What is the correct way to support `__shfl()` and `__shfl_sync()` instructions?

1.1k Views Asked by At

From my understanding, CUDA 10.1 removed the shfl instructions:

PTX ISA version 6.4 removes the following features:

Support for shfl and vote instructions without the .sync qualifier has been removed for .targetsm_70 and higher. This support was deprecated since PTX ISA version 6.0 as documented in PTX ISA version 6.2.

What is the correct way to support shfl future and past CUDA versions?

My current methods (shared below) result in the error using CUDA 10.1:

ptxas ... line 466727; error   : Instruction 'shfl' without '.sync' is not supported on .target sm_70 and higher from PTX ISA version 6.4
template <typename T>
__device__ static __forceinline__
T _shfl_up(T var, unsigned int delta, int width=WARPSIZE, unsigned mask=MEMBERMASK)
{
#if (__CUDACC_VER_MAJOR__ >= 9)
  var = __shfl_up_sync(mask, var, delta, width);
#else
  var = __shfl_up(var, delta, width);
#endif
  return var;
}

Also, I would like to add that one of the dependencies of my project is CUB and I believe they utilize the same method to split up _sync() and older shfl instructions.

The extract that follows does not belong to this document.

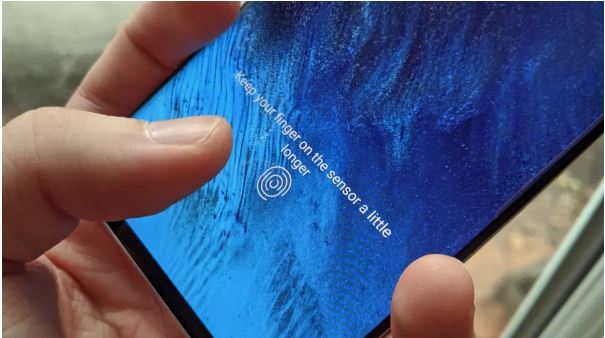 iPhone 13 của Apple có thể sẽ có thêm tính năng Touch ID dưới màn hình - Ảnh 1. iPhone 13 của Apple có thể sẽ có thêm tính năng Touch ID dưới màn hình - Ảnh 1.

I am not sure what I am doing wrong.

1

There are 1 best solutions below

0
On BEST ANSWER

I was doing the right thing, turns out another dependency didn't have support for sync, created a pull request for it: https://github.com/moderngpu/moderngpu/pull/32

template <typename T>
__device__ static __forceinline__
T _shfl_up(T var, unsigned int delta, int width=WARPSIZE, unsigned mask=MEMBERMASK)
{
#if ( __CUDA_ARCH__ >= 300)
#if (__CUDACC_VER_MAJOR__ >= 9)
  var = __shfl_up_sync(mask, var, delta, width);
#else
  var = __shfl_up(var, delta, width);
#endif
#endif
  return var;
}